Let us consider a trace \(q^0\cdot a_0\cdot q^1\cdot a_1\cdots a_{l-1}\cdot q^l\) of the supervised system and the next step of the system after this trace which consists in performing an interaction a. We distinguish two cases according to whether a is connected to an instrumented transition (i.e., \(a \in {{\mathrm{rec\_i}}}\)) or not.

1. 1.

   If \(a \notin {{\mathrm{rec\_i}}}\), then the execution of a does not modify the variables that affect the satisfiability of the property. This stems from the following facts. First, according to Definitions 21 and 23 (p. 13 and 14 respectively), interaction \(\alpha ^m\) has more priority than the interactions of the initial BIP system. Second, according to Definition 17 (p. 11), any instrumented transition of an atomic component consists of its previous transition followed by a transition to interact with the monitor (i.e., labeled with port \(p^m\)). After instrumentation, such interaction and the following state are mapped to \(\epsilon \). Consequently the first rule in Definition 16 (p. 9) applies.

2. 2.

   If \(a \in {{\mathrm{rec\_i}}}\), then a is followed by the execution of an \(\alpha ^m\) interaction (i.e., an interaction with the enforcement monitor). After instrumentation, such interaction and the following state (where the values of variables are sent through port \(\mathcal{E}.p^m\) of the enforcement monitor) are mapped to an event \(e \in \varSigma \) in Definition 16. Recall that, according to Lemma 2, an \(\alpha _m\) interaction is followed by either an \(\alpha _c\) or an \(\alpha _r\) interaction. We distinguish two sub-cases:

   • The first sub-case is when a involves transitions that do not modify the variables of the property but at least one of these transitions has a port that is in an interaction modifying some variables of the property. Hence, e corresponds to the last emitted event in the trace. Because of stutter-invariance, the system keeps satisfying the property. Consequently, \(\alpha _m\) is followed by an \(\alpha _c\) interaction. This situation corresponds to rule number 2 in Definition 16.
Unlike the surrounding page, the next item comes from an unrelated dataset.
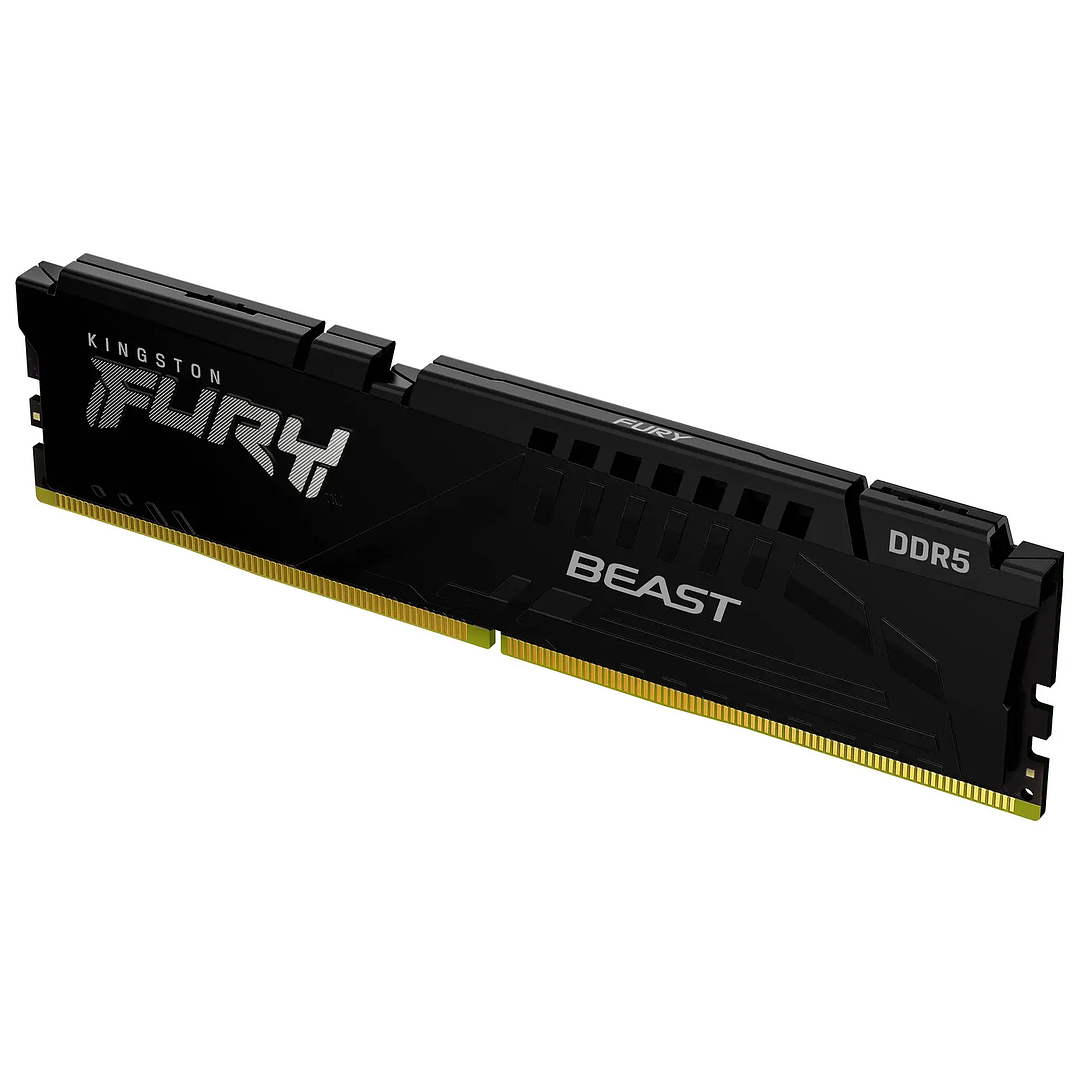 Memoria RAM Kingston FURY Beast 64GB DDR5 5600MHz 2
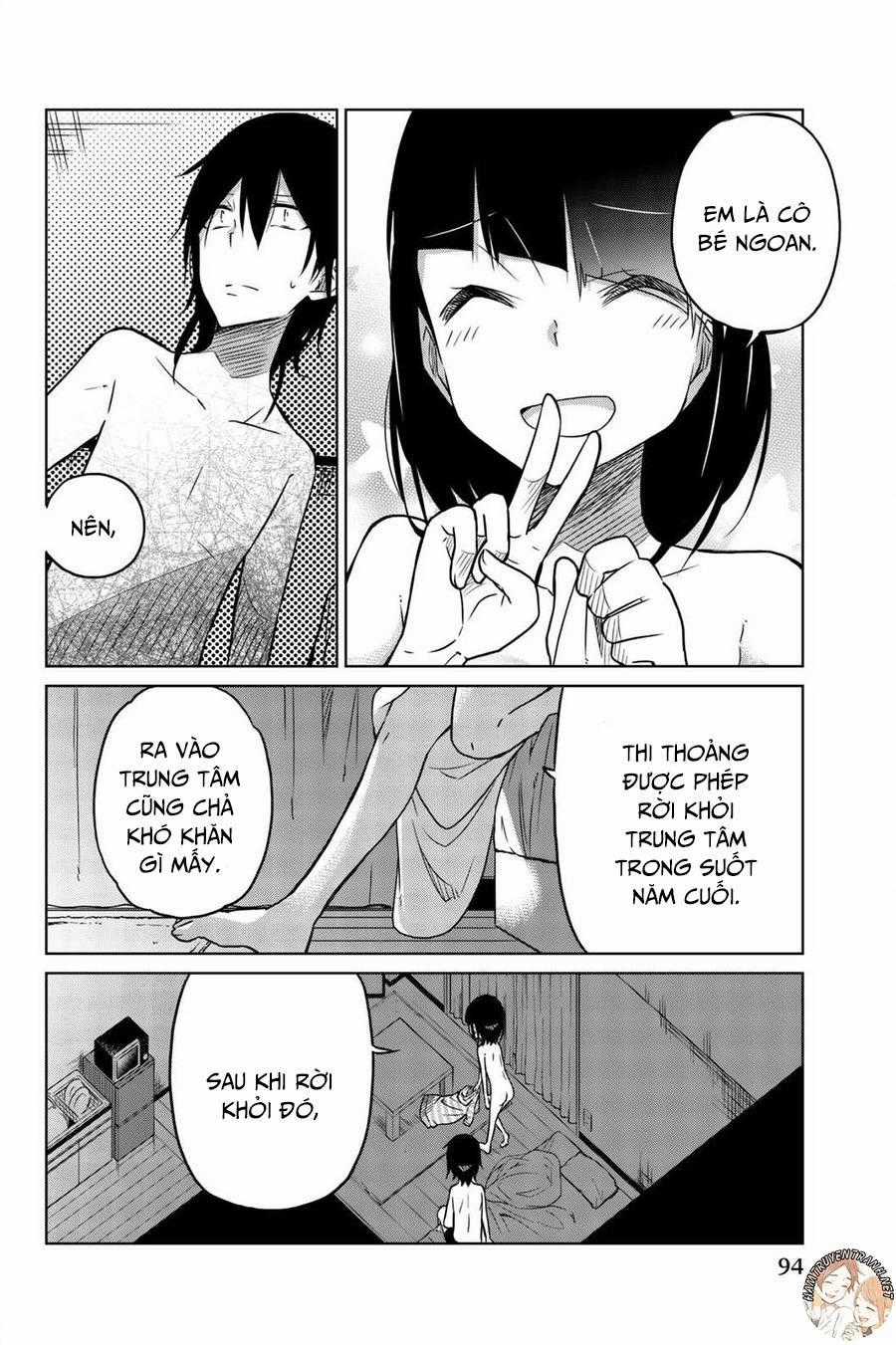 Ijousha No Ai Chương 29 trang 4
   • The second sub-case is when a involves transitions that modify some variables of the property. We distinguish two subsub-cases.
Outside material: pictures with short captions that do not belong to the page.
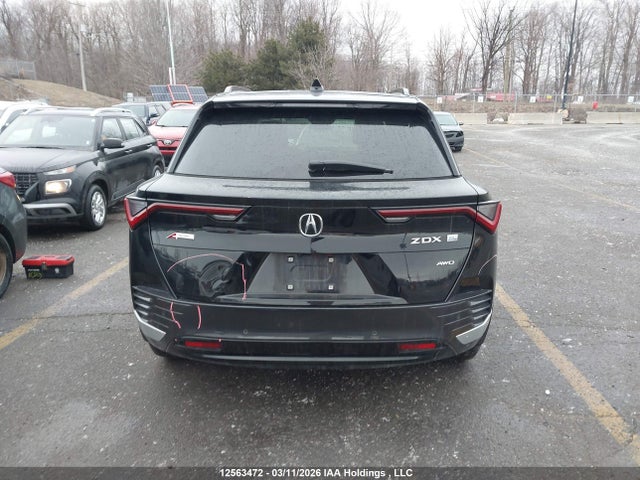 4W5KHNRL3RZ500502 Acura ZDX
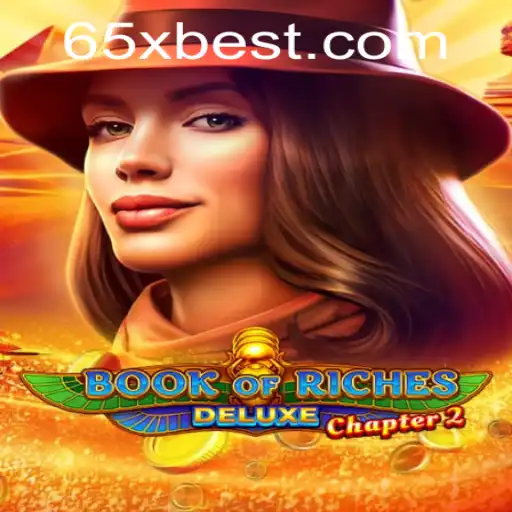 Descubra as Aventuras de 'Book of Riches Deluxe Chapter 2' no Universo de Jogos Online
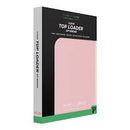 Palms Off Gaming: Clear Top Loader Zip Binder - Pink Binder | Available Now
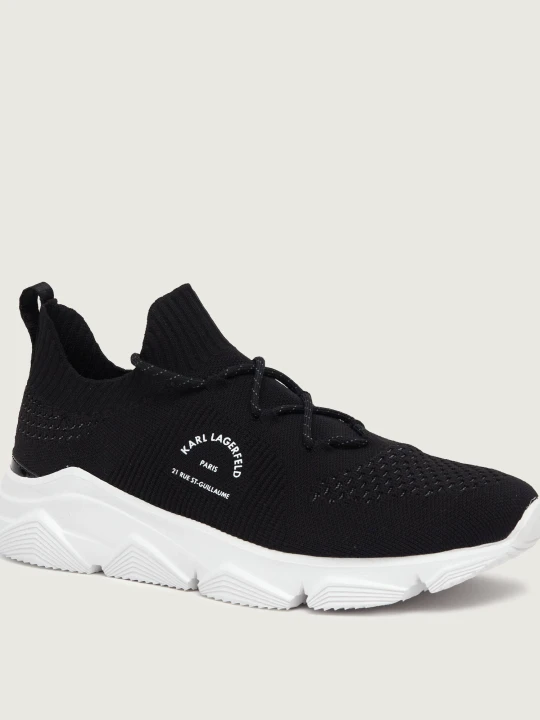 Zdjęcie produktu Karl Lagerfeld Sneakersy VERGER czarny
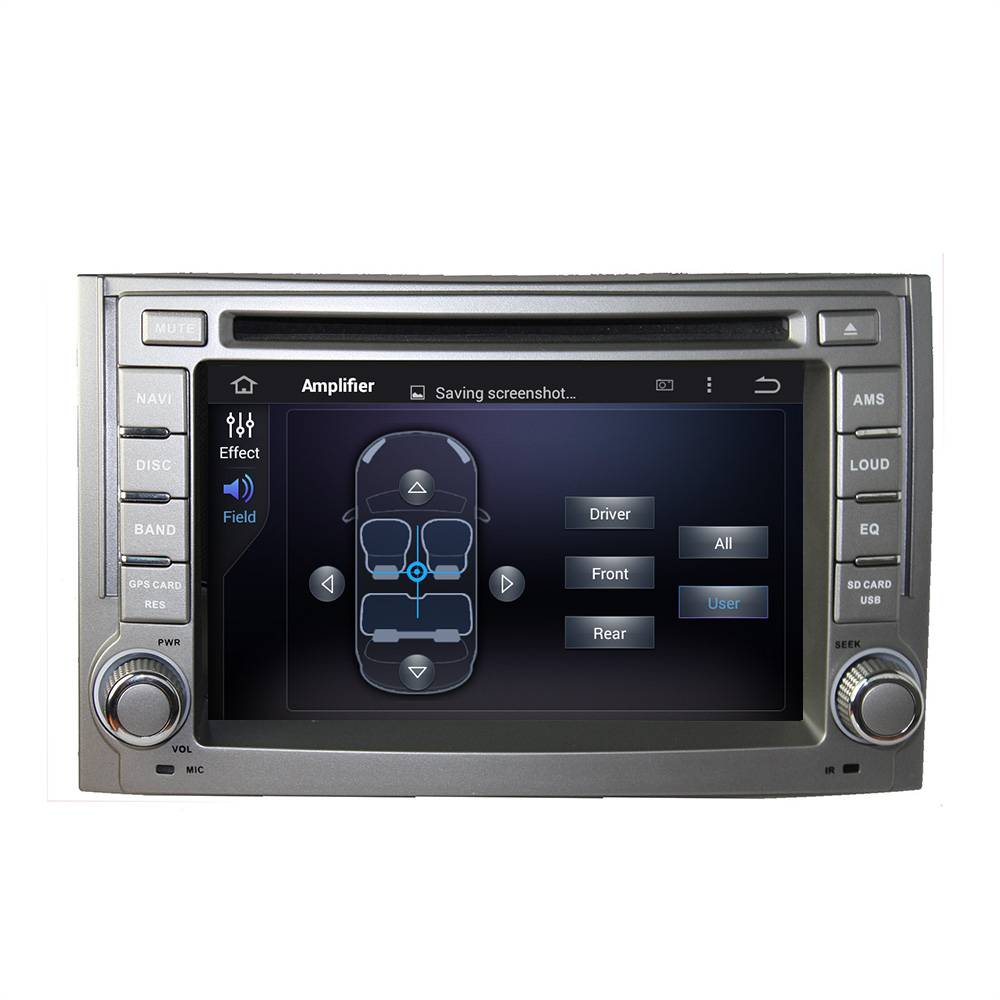 Установочный комплект для HYUNDAI H1 / Grand Starex 2007-2015  KUBERG KD-6224-P30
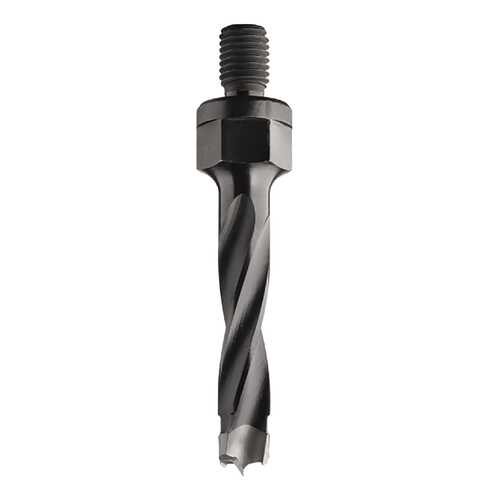 Сверло HW для присадочного станка 10x43x63 Z=2+2 S=M10 LH CMT 346.100.12 в Аксон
     • The first subsub-case is when e brings the monitor to a good (with verdict \(\top \)) or currently good state (with verdict \(\top _c\)). Then, the system executes interaction \(\alpha ^c\) that moves the system to a next good state that is the same as in the original system. This situation is similar to the previous first sub-case and also corresponds to rule number 2 in Definition 16.
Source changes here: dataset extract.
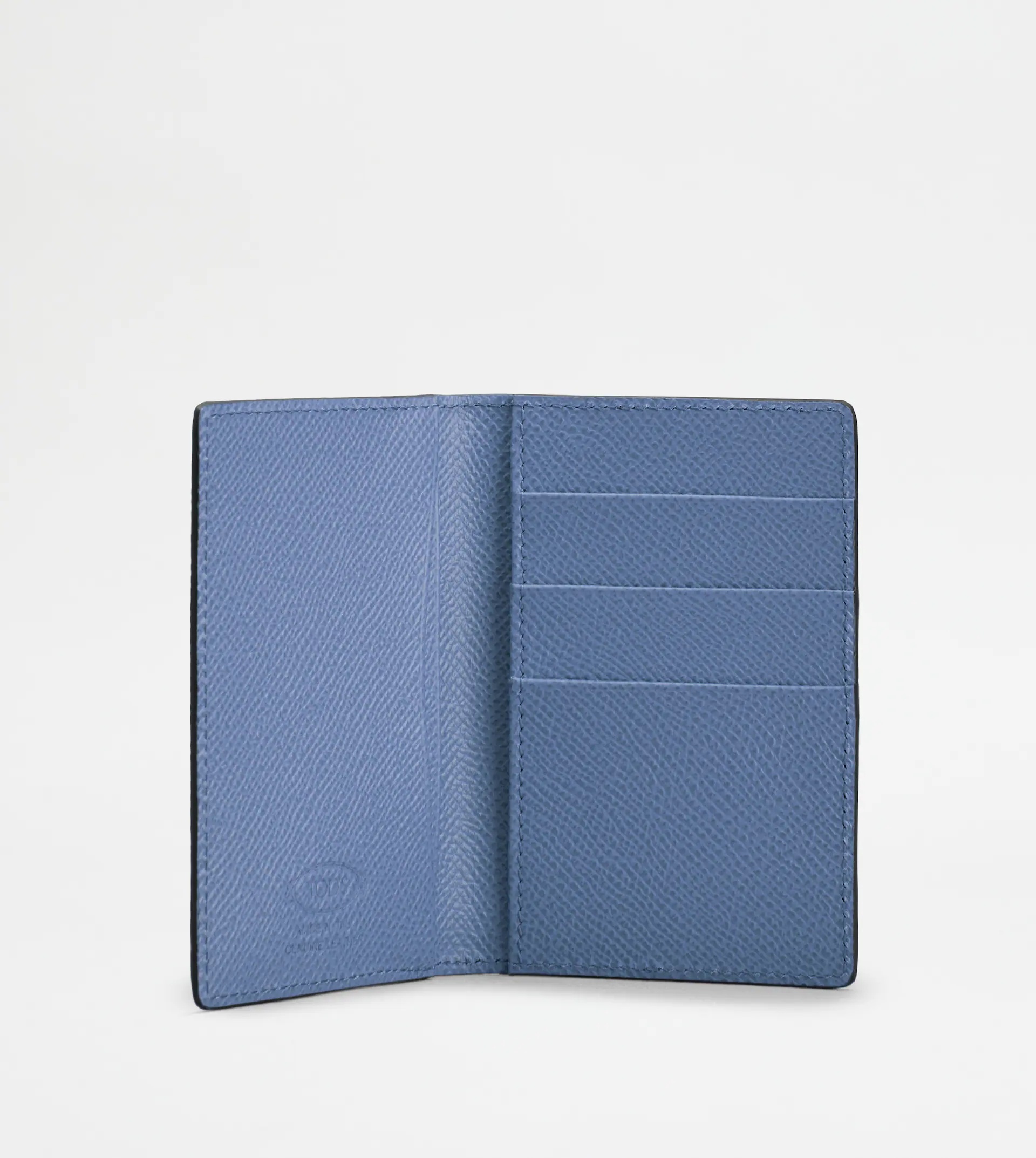 CARD HOLDER IN LEATHER - 2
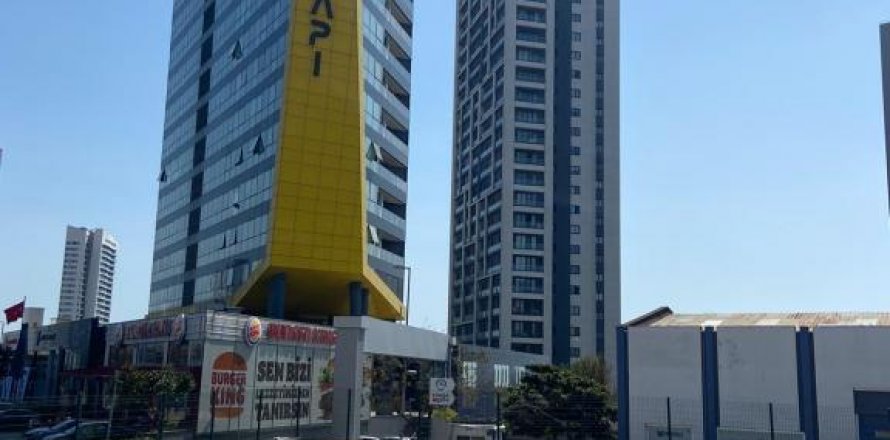 Daire İstanbul, Türkiye №186499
     • The second subsub-case is when e brings the monitor to a bad state (with verdict \(\bot \)). Then, the system executes interaction \(\alpha ^r\) that restores the values of the variables and brings the system back to its (correct) previous state. The execution of a recovery transition corresponds to \(\overline{e}\) in rule number 3 in Definition 16.